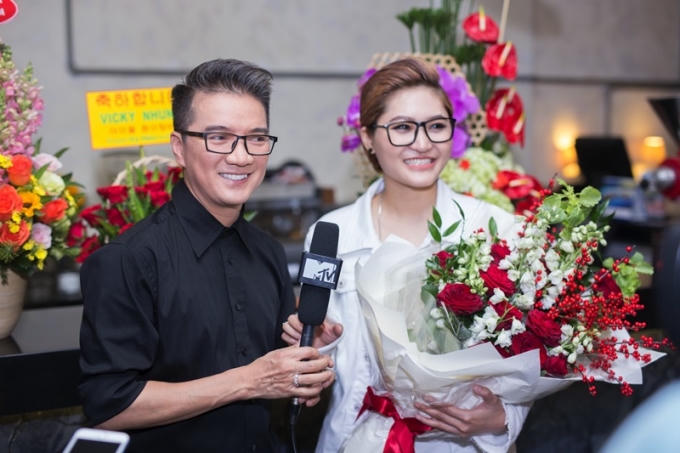 Đ&agrave;m Vĩnh Hưng tuy&ecirc;n bố kh&ocirc;ng lấy c&aacute;t s&ecirc; trong liveshow tiếp theo của Vicky Nhung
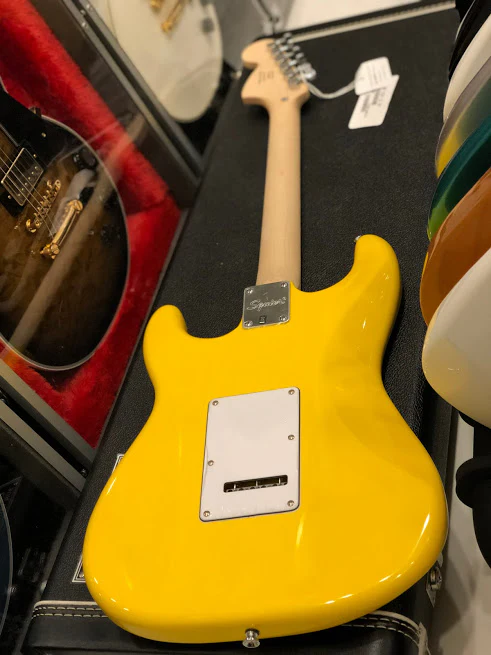 Squier Affinity Stratocaster in Graffiti Yellow - Image 2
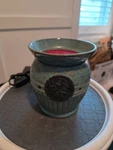 Scentsy Tilia Deluxe Warmer Teal Green Leaf Relief Electric Wax Melter 5.5". Fixed Price $19.95.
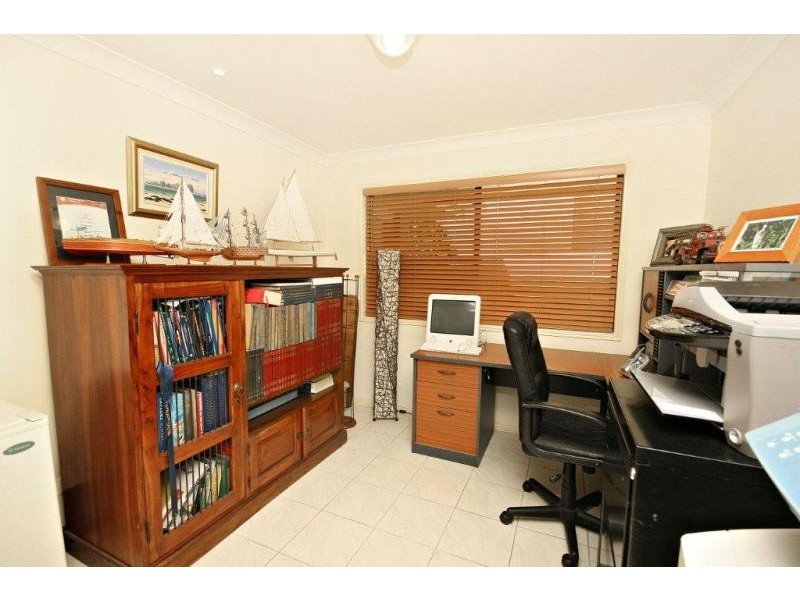 21 Sardinia Pl, Parrearra QLD 4575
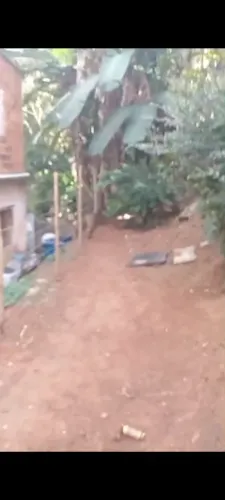 Vendo ou troco p carro mais volta em dinheiro, ou troco p casa com volta,casa esta reforma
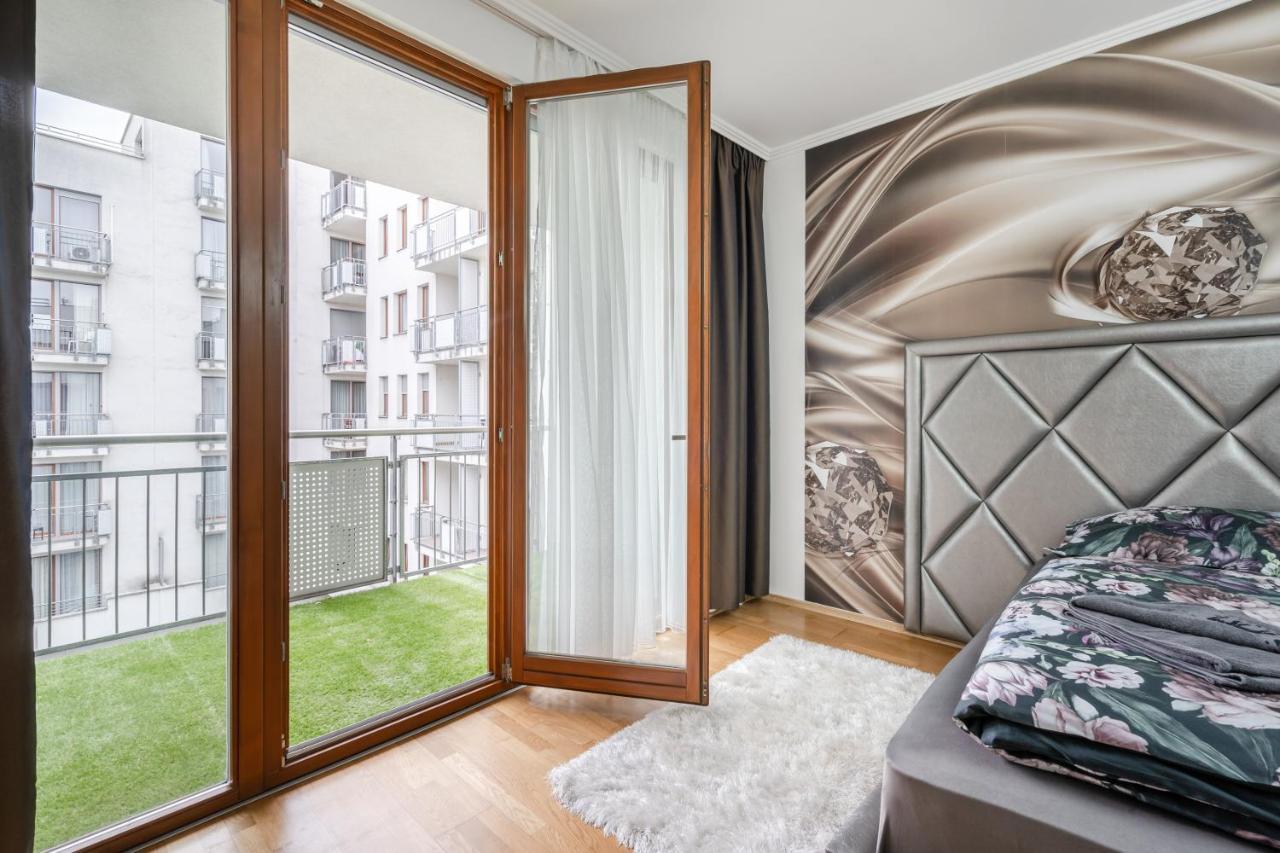 Apartment Penthouse Three Bedrooms, Three Balconies With Free Parking In Kiraly Street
::::::::
Task item: Quote, word for word and nothing more, every line from the line with "Squier Affinity Stratocaster" to the end of the entries, including both ends; skip any pictures.

Answer:
 Squier Affinity Stratocaster in Graffiti Yellow - Image 2
 Scentsy Tilia Deluxe Warmer Teal Green Leaf Relief Electric Wax Melter 5.5". Fixed Price $19.95.
 21 Sardinia Pl, Parrearra QLD 4575
 Vendo ou troco p carro mais volta em dinheiro, ou troco p casa com volta,casa esta reforma
 Apartment Penthouse Three Bedrooms, Three Balconies With Free Parking In Kiraly Street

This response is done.